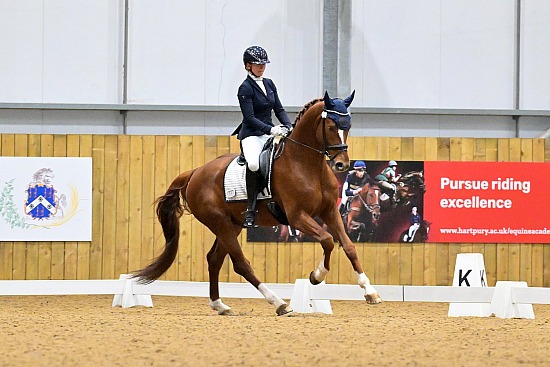 Hartpury BD - 26-27th April 2025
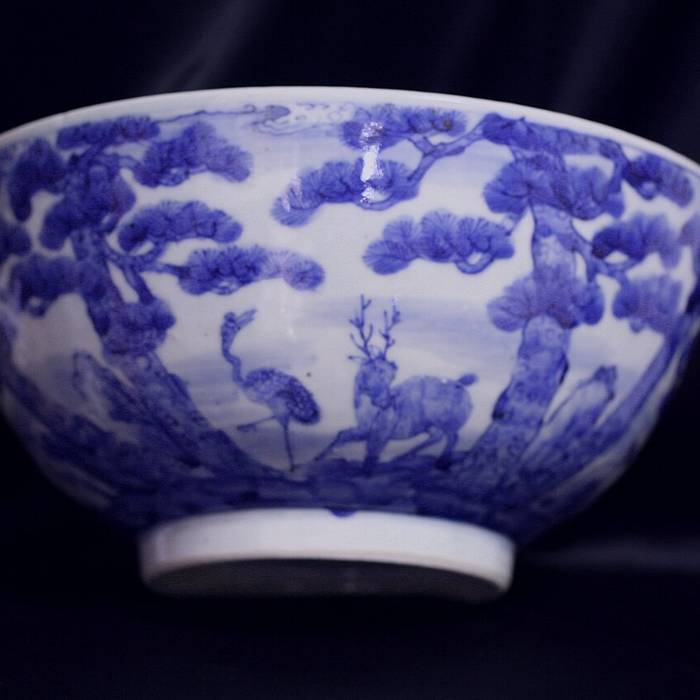 Photo de Manufacture de porcelaine de Clignancourt - Paris 18ème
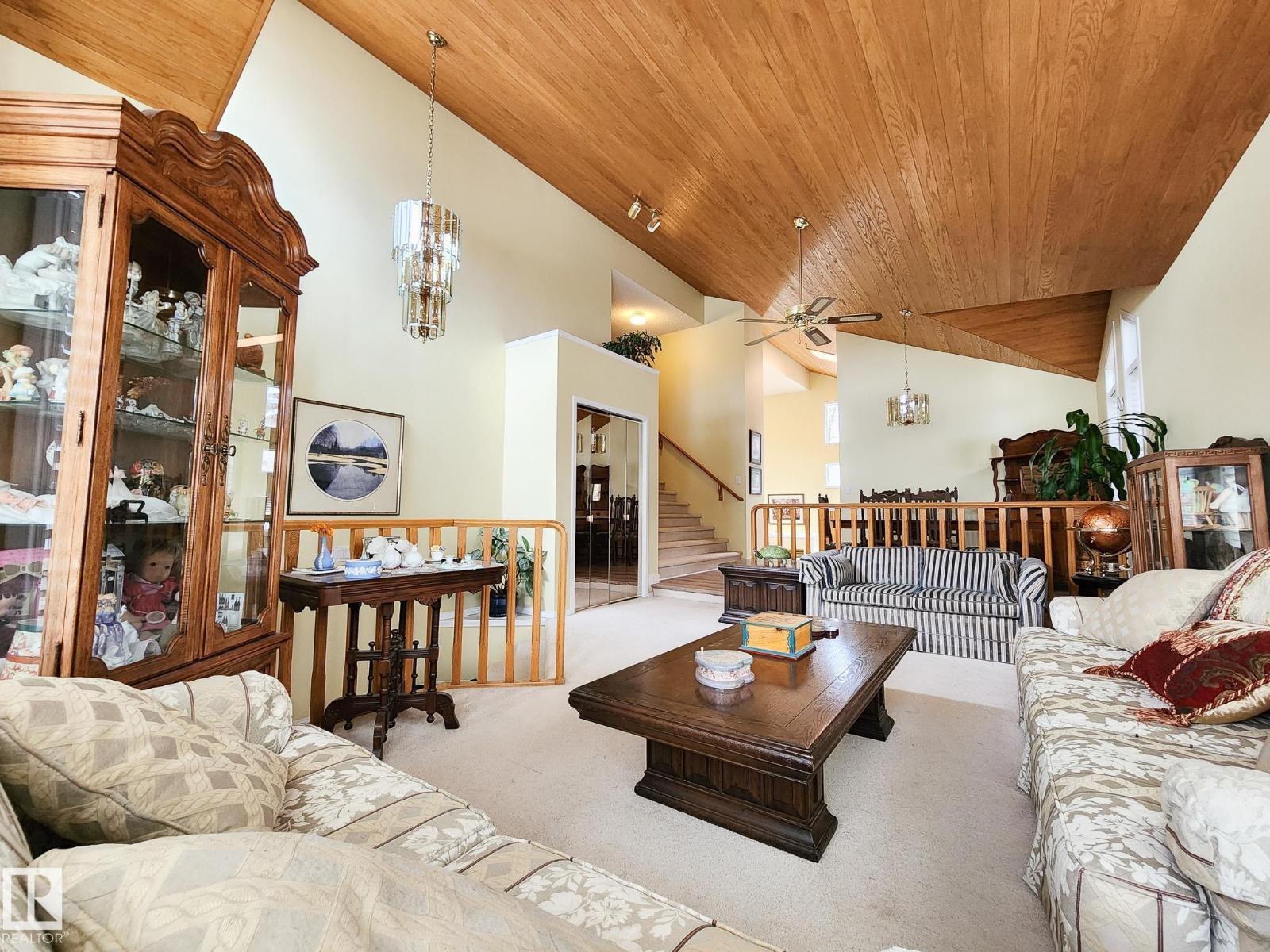 471 Ronning St Nw, Edmonton, Alberta  T6R 1Z2 - Photo 9 - E4478750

## EXERCISE OBJECTIVE:
Leave out the pictures, then return every line of the data exactly.

## SOLVED EXERCISE:
 Hartpury BD - 26-27th April 2025
 Photo de Manufacture de porcelaine de Clignancourt - Paris 18ème
 471 Ronning St Nw, Edmonton, Alberta  T6R 1Z2 - Photo 9 - E4478750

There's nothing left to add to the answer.